··· Information provided
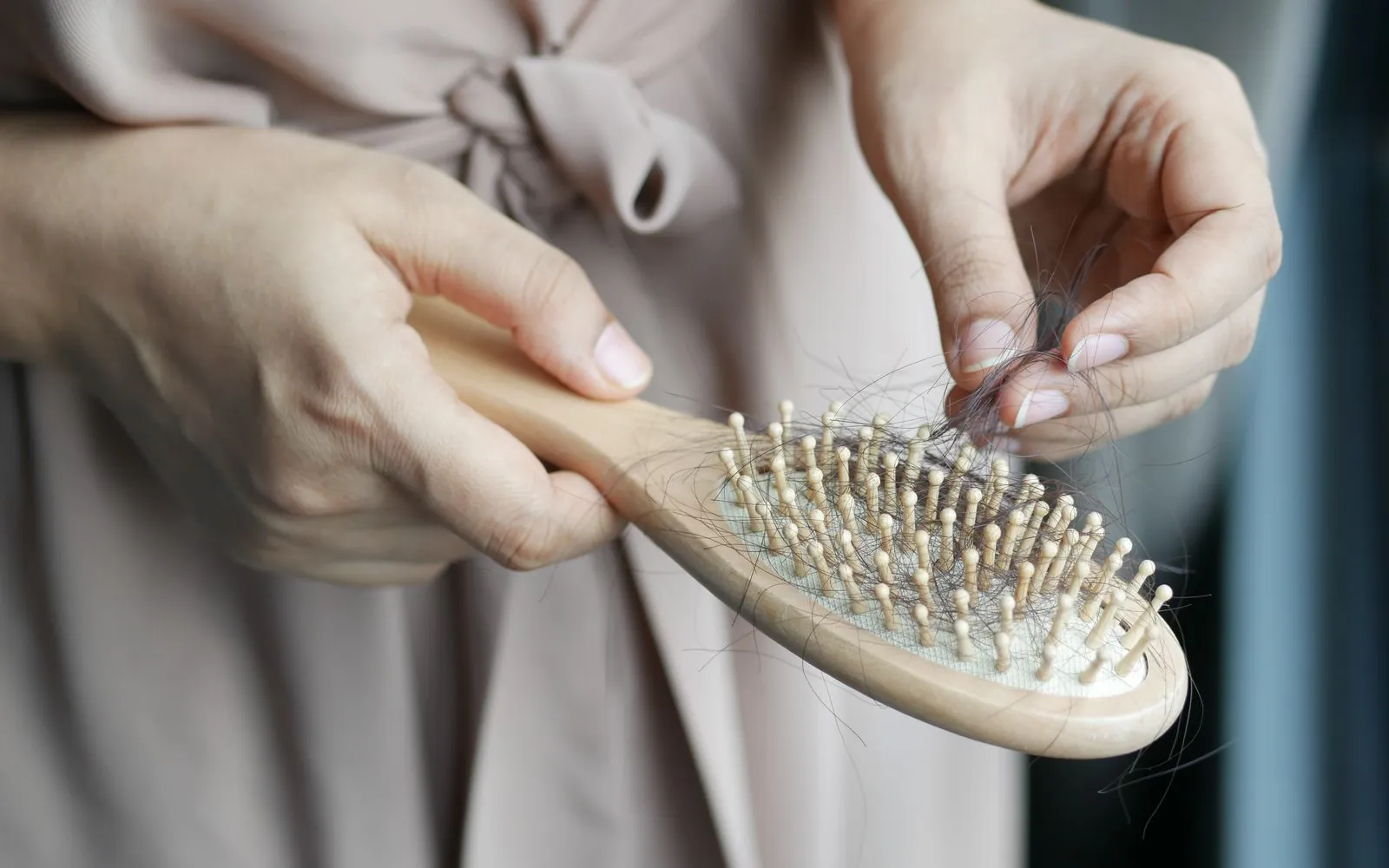 Two hands pulling loose strands of hair from a wooden hairbrush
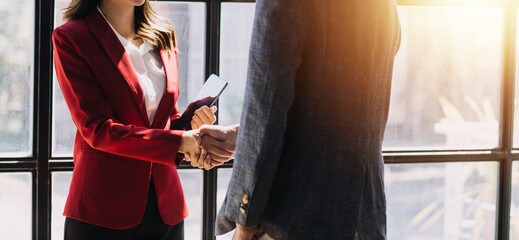 Business handshake for teamwork of business merger and acquisition,successful negotiate,hand...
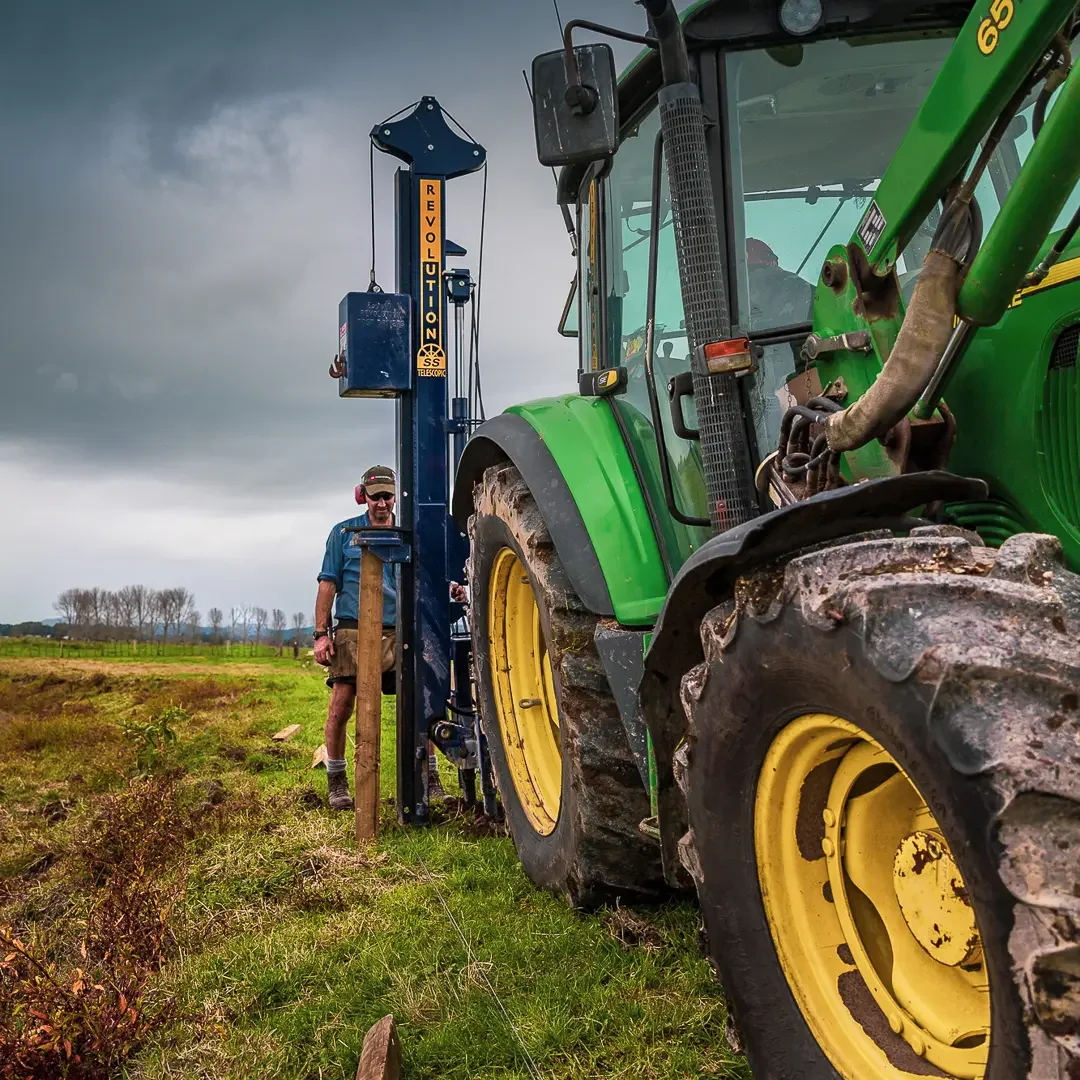 12-revolution-ss-post-driver-john-deere-operator-standing-overcast-compressed.webp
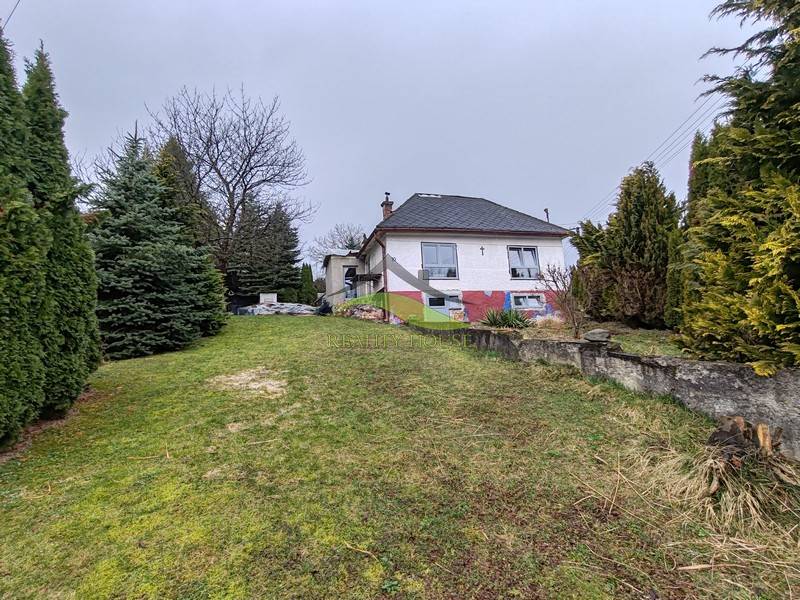 Das Einfamilienhaus in der Hauptstraße in Piskorovce, umgeben von Bäumen und einem begrünten Hof.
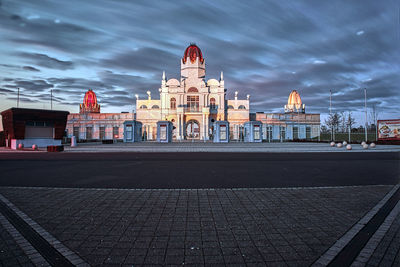 View of buildings in city at dusk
······
What should appear is an exact copy of the lines from the one containing "Das Einfamilienhaus in" through the last line of the records above, pictures excluded.

 Das Einfamilienhaus in der Hauptstraße in Piskorovce, umgeben von Bäumen und einem begrünten Hof.
 View of buildings in city at dusk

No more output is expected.